Logging in your phone with any food trak plan can help with staying on top of your sugar intake and goals so that you become aware of how much sugar you are really ingesting since they can sure add up fast.

7.Fill up on healthy fats.

Eat more nuts, seeds, avocados, olives, and salmon. Not only are these foods heart healthy and help with blood sugar control, healthy fats will displace excess sugar from the diet and keep the body satisfied for longer so you are less likely to have energy dips between meals prompting a quick sugar fix.

8. Choose unsweetened dairy.

Opt for plain milk and yogurt, and no, vanilla isn’t plain! While there are naturally occurring sugars in milk and yogurt (lactose), many are spiked with sweeteners.  So read the labels to get dairy varieties without the sweet stuff, and keep in mind fat-free milk naturally contains more sugar than reduced-fat. Add your own flavor by topping yogurt with chia seeds, blueberries, and cinnamon.

9.Beware of sugar bombs.

Even healthy foods can have sneaky sources of added sugar.
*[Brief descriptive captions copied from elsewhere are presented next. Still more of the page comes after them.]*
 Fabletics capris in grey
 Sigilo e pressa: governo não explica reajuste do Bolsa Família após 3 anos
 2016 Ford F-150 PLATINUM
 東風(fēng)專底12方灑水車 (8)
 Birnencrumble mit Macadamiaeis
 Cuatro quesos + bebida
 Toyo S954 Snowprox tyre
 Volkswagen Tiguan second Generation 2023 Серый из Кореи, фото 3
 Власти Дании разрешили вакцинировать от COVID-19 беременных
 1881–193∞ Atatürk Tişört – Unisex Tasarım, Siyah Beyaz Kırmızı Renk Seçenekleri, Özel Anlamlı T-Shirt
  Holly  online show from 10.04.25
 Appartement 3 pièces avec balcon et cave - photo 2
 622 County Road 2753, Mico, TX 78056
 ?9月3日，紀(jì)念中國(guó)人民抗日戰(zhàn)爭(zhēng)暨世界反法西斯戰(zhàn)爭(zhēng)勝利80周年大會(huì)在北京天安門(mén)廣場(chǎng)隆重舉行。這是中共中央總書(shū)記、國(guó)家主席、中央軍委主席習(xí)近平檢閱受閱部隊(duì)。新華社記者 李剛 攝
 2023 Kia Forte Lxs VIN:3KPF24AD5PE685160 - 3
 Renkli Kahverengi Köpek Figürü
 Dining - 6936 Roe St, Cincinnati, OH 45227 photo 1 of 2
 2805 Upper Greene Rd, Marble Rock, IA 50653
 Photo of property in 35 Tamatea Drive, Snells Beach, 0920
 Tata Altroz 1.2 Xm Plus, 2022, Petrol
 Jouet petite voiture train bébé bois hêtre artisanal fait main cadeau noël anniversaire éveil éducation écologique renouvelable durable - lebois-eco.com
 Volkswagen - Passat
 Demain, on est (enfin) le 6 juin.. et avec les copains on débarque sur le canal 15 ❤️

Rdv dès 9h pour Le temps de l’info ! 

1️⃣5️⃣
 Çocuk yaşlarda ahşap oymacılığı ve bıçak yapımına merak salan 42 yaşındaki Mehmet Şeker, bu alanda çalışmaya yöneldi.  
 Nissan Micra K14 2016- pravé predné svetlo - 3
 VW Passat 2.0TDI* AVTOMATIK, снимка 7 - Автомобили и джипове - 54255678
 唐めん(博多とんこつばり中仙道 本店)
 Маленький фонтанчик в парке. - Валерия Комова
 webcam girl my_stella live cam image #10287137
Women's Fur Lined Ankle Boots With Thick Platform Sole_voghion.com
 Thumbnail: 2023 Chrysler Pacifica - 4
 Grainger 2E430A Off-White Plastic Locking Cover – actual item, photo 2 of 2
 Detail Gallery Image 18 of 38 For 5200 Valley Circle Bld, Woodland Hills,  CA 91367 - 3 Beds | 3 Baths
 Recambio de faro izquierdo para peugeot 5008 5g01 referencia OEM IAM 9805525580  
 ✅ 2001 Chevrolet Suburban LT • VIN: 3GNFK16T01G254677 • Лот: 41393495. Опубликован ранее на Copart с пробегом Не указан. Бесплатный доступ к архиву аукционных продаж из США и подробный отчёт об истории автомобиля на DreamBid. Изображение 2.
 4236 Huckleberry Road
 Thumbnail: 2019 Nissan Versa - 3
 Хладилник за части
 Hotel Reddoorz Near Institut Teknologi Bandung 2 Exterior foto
Foods like energy bars, lattes, smoothies, juices, enhanced waters, salad dressing, cereals, tomato sauce, and medications are common culprits.

10.Pump up the protein.

Eating more protein will keep you amped. Protein takes longest to digest so you will be less likely to crash if you’re eating good quality proteins every three to four hours.

Hope you know how to much sugar is bad for us. so try to follow this tips to avoid to much sugar in your diet. share your experiences with me and keep like and share this information with your love ones.

Take care.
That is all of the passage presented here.